Normally, the union of the left subclavian vein and the left internal jugular vein forms the left BCV behind the sternoclavicular joint. The left BCV passes across the mediastinum and courses obliquely inferior and anterior to the ascending aorta or the brachiocephalic artery to the right upper chest (3). Rarely, this vein takes an anomalous course. While the exact cause of an ALBCV is unknown, the most accepted mechanism is the interruption of the upper anastomosis between the right and left anterior cardinal veins (1, 2).

There are several classifications of ALBCV. Takada et al. (3) classified the types of aberrant and double left BCV according to the course of the aberrant left BCV. Chen et al. (2) suggested several theories and patterns of aberrant and double left BCV. The double left BCV without PLSVC had also been reported by Takada et al. (3) and Subirana et al. (5), one in the normal position and the other crossing beneath the aortic arch.

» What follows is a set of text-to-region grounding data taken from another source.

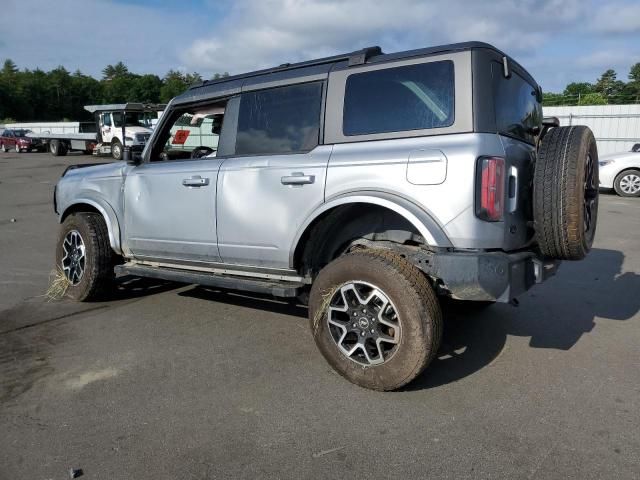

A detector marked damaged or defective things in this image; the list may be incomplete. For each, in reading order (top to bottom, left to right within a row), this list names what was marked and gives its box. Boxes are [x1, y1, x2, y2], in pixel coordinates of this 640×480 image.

cracked asphalt [1, 152, 640, 478]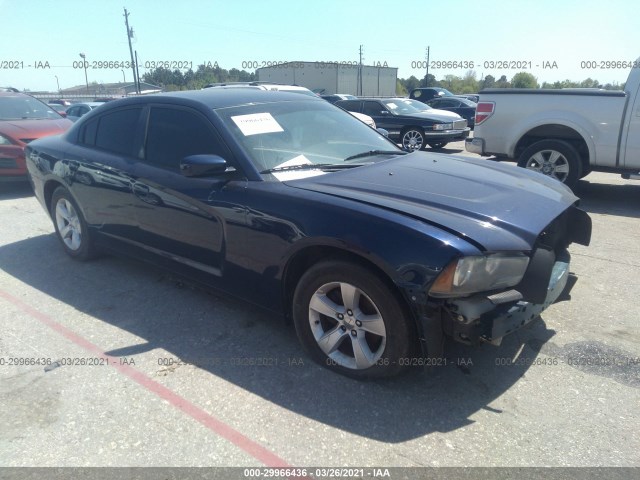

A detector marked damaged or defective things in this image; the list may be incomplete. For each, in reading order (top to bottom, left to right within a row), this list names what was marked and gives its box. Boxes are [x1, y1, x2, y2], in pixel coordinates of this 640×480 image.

broken bumper cover [444, 251, 568, 344]
damaged front bumper [442, 251, 572, 344]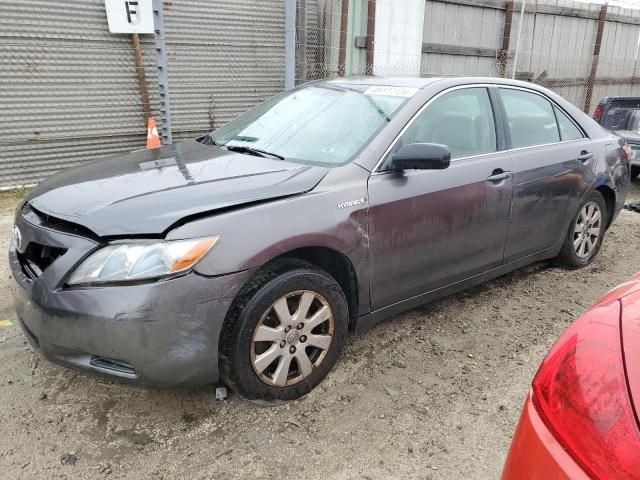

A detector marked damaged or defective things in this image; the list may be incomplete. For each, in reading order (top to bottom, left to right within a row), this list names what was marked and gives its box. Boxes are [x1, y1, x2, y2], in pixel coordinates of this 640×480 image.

crumpled hood [27, 141, 330, 236]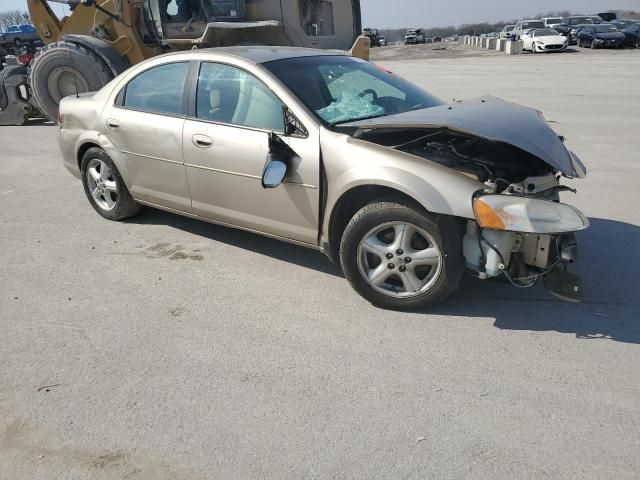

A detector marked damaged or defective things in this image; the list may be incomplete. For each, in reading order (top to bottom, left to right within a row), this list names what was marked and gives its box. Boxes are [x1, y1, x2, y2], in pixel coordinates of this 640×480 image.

shattered windshield [262, 55, 442, 125]
bent door mirror [262, 158, 288, 188]
wrecked car [57, 48, 588, 310]
damaged gold sedan [57, 48, 588, 310]
crushed hood [342, 97, 584, 178]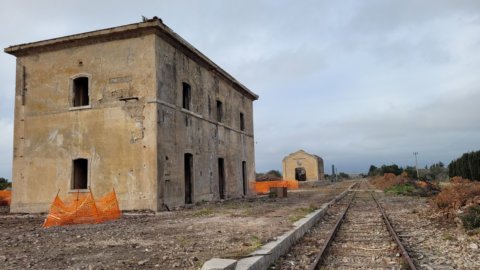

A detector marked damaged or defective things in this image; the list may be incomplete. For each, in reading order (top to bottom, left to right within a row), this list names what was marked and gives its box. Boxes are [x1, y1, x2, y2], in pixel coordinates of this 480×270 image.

rusty railway track [308, 181, 416, 270]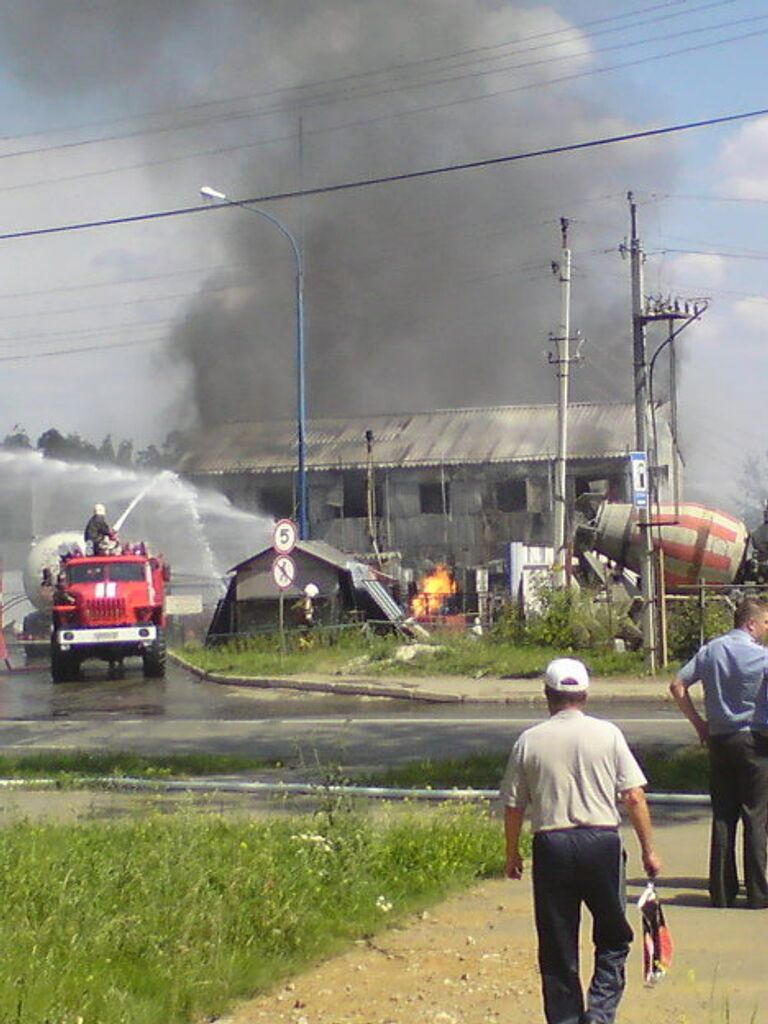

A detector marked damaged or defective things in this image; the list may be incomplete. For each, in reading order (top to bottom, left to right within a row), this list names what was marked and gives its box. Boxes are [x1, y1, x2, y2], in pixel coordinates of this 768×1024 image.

damaged building facade [179, 399, 671, 577]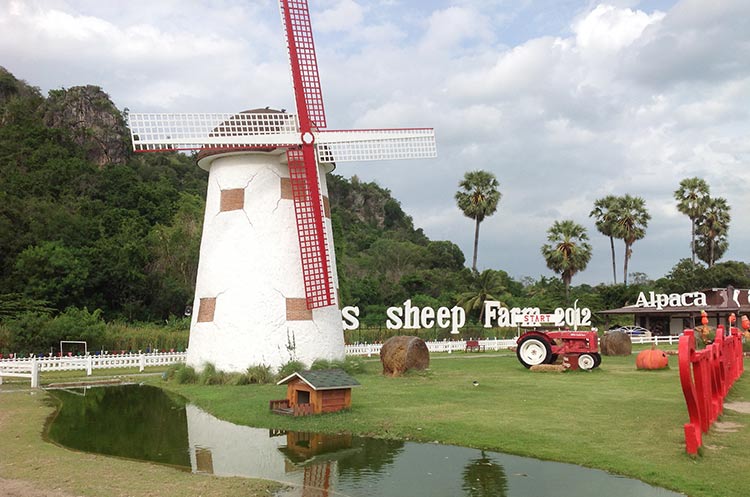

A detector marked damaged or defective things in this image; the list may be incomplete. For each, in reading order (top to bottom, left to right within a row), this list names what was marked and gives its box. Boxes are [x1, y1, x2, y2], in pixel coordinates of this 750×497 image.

cracked white wall [187, 151, 346, 372]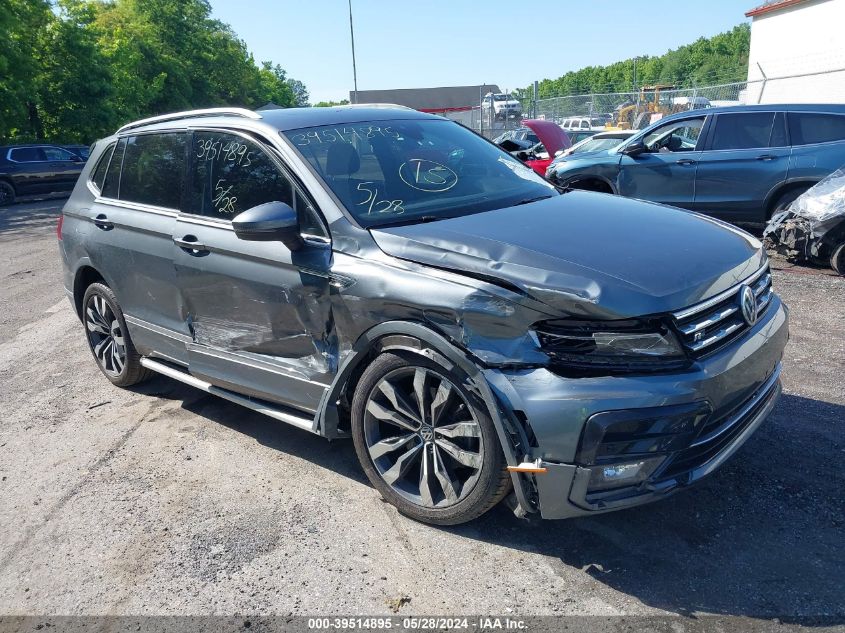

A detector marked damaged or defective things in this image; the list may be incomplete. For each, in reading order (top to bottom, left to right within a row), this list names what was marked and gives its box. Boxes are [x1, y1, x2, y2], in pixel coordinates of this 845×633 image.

damaged volkswagen tiguan [57, 107, 784, 524]
wrecked vehicle [62, 107, 788, 524]
adjacent damaged car [61, 107, 792, 524]
wrecked vehicle [498, 119, 572, 177]
crumpled front bumper [484, 296, 788, 520]
wrecked vehicle [760, 167, 844, 276]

The classification of the embryological anomalies of SVC has been presented by Nandy and Blair (6) and Starck (7). The most common subtype of PLSVC results in the presence of both left and right SVCs. A bridging brachiocephalic vein may or may not be present. A single PLSVC is much rarer. Variations have also been reported in the insertion of PLSVC. In 90% of cases, the PLSVC connects to the right atrium via the coronary sinus and has no hemodynamic consequence. Our patient has double SVC: the right one is normal whereas the left one, formed by the left internal jugular vein and the left subclavian vein, is thinner and drains into the right atrium via the coronary sinus.

ALBCV accompanied by PLSVC is extremely rare. Webb et al. (8) reported that PLSVC is associated with the absence of BCV. Chen et al. (2) reported that the presence of PLSVC was significantly less common in situs solitus patients who had ALBCV than in those who did not (p < 0.05 in the comparison of the tetralogy of Fallot, the double outlet of the right ventricles, the ventricular septal defect, and the atrial septal defect subgroups). To our knowledge, double left BCV with PLSVC has not been reported yet.

ALBCV and PLSVC are usually incidental findings in many cases. In a non-contrast-enhanced CT scan, they can be misinterpreted as enlarged lymph nodes or central pulmonary arteries. In patients with other cardiac anomalies, diagnosis can become difficult. Carefully tracing these vascular structures through sequential images is the key to their differentiation.

Clinically, knowledge of these anomalies is important and should be considered when inserting a central venous catheter or in cardiac surgeries. These anomalies may cause technical difficulties during pacemaker insertion or central venous line placement via the left arm approach. For patients undergoing cardiac surgery, the superior vena caval cannulation for a cardiopulmonary bypass must be done in a more caudal fashion than usual to avoid obstruction of the retroaortic branch of the left BCV.